### Your instructions
Below are some records. Return exactly the lines from the one containing "1-к. квартира, 36 м², 12/14 эт." through the one containing "Clavier Titanum TK101 USB noir", both included, and only those.

### Data for analysis
>>>
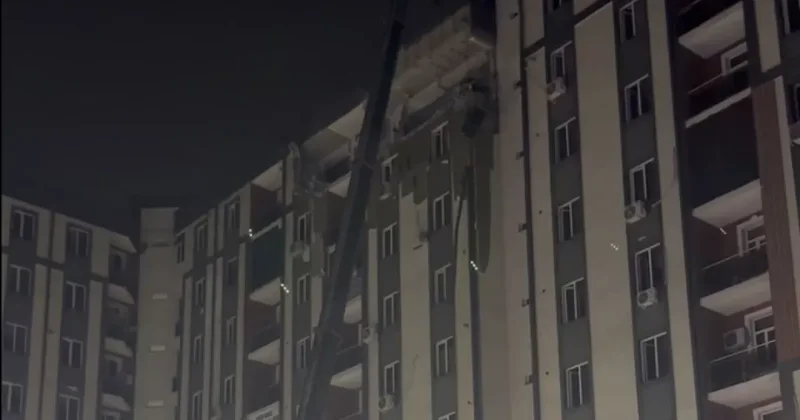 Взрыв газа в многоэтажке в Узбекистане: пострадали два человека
<<<
>>>
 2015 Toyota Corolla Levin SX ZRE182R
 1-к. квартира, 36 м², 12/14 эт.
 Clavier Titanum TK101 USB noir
<<<
### The answer
 1-к. квартира, 36 м², 12/14 эт.
 Clavier Titanum TK101 USB noir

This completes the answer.